Hopefully we will get to the island of Faial (wasn't he deposed and shot?), capital Horta, in about a week to stock up on salted weevils, barrels of brine, hard tack, and tallow. We'll leave there heading North towards Ireland, a 1200 mile trip of about 10 days.
Every morning, Dave dons his ancient medieval red Doge-hat (as in Venice) and sets the fishing line astern trailing its pink plastic squid-skirt lures. This only seems to bring on squalls & rain. Certainly no tuna or marlin. The sea herabouts seems only populated by Portuguese Men-of-War jellyfish. Large pink jobs with errect sails and huge long near lethal tendrils. Probably not a good area for swimming.
Although we're only at 30's latitudes, the stiff easterlies mean it's chilly at night and early morning and for the first time in a year the heater has been brought into life.

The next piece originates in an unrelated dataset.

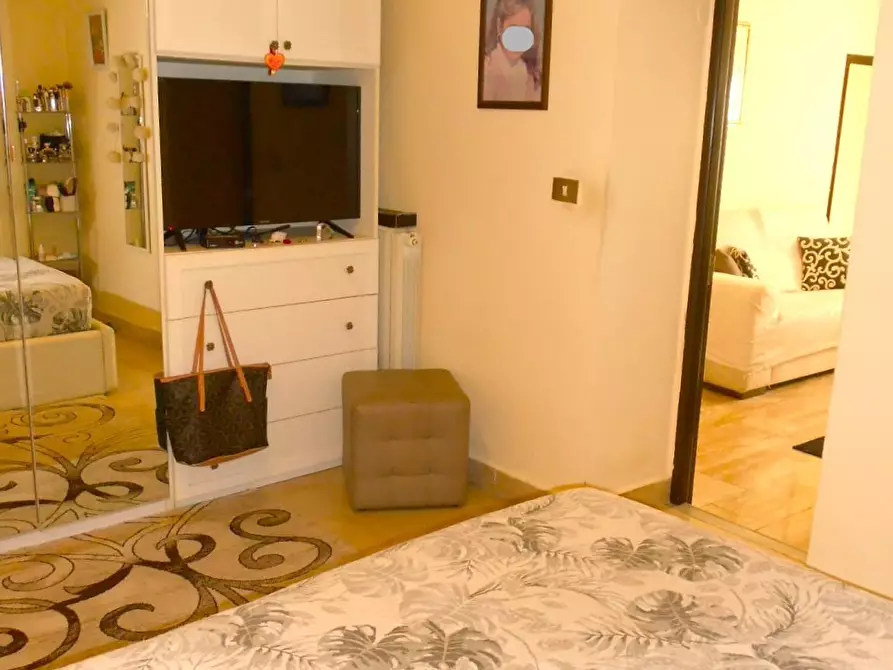 Immagine 42 di Casa indipendente in vendita  a Montignoso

Skipper's blood certainly has become thin.
Using our shore weather support and occasional snatches on radio of Herb, the weather guru, we are trying our best to work our way North and East, but our progress to the Azores has been drastically slowed by consistent easterlies on the nose, and we have had to continuously revise our planning dates.
Alas, 2-handed sailing, and its alternating 3 hour watches, does not give much whalebone carving time, but we do lighten the day by inane conversation and entirely forgettable philosophising. The sort of mental and verbal rubbish you might expect an engineer and a medical man to trade in. With David's dictionary we also dabble haltingly in the old home tongue, and yesterday translated 2 filthy jokes and the whole of Ozymandias into our best school Irish and thought ourselves the bees knees. Skipper's mixed music machine is now allowed to play daily, although David winces visibly and goes into hiding at the sounds of Dylan or Black Sabbath. He nods approvingly to that Wagner chap's opera and its nehbehlungs (sp?) and chuckles to Mozart.
Now out of mainland bread we have been baking with excellent results, and may even diversify later into pastries and other delicacies. We are already making the paper doylies.
Monty the Monitor wind vane has at last been called into service after being sidelined for misbehaviour last year. Despite a severe battering against the wall in St Barts, he is now performing very well. One advantage Monty has over Ray, the electronic autohelm, is that he naturally exploits windshifts and will follow any changes that will allow us to claw our way north easterly.
When the skies are clear, we are lit by Venus shine and phosphorescence, while above us there is an unbelievable cloud of stars of every colour and type. Don't know what it all means. Must get a star map and learn some of this stuff.
Ho hum. Time to get back on watch and carry on the uphill crawl.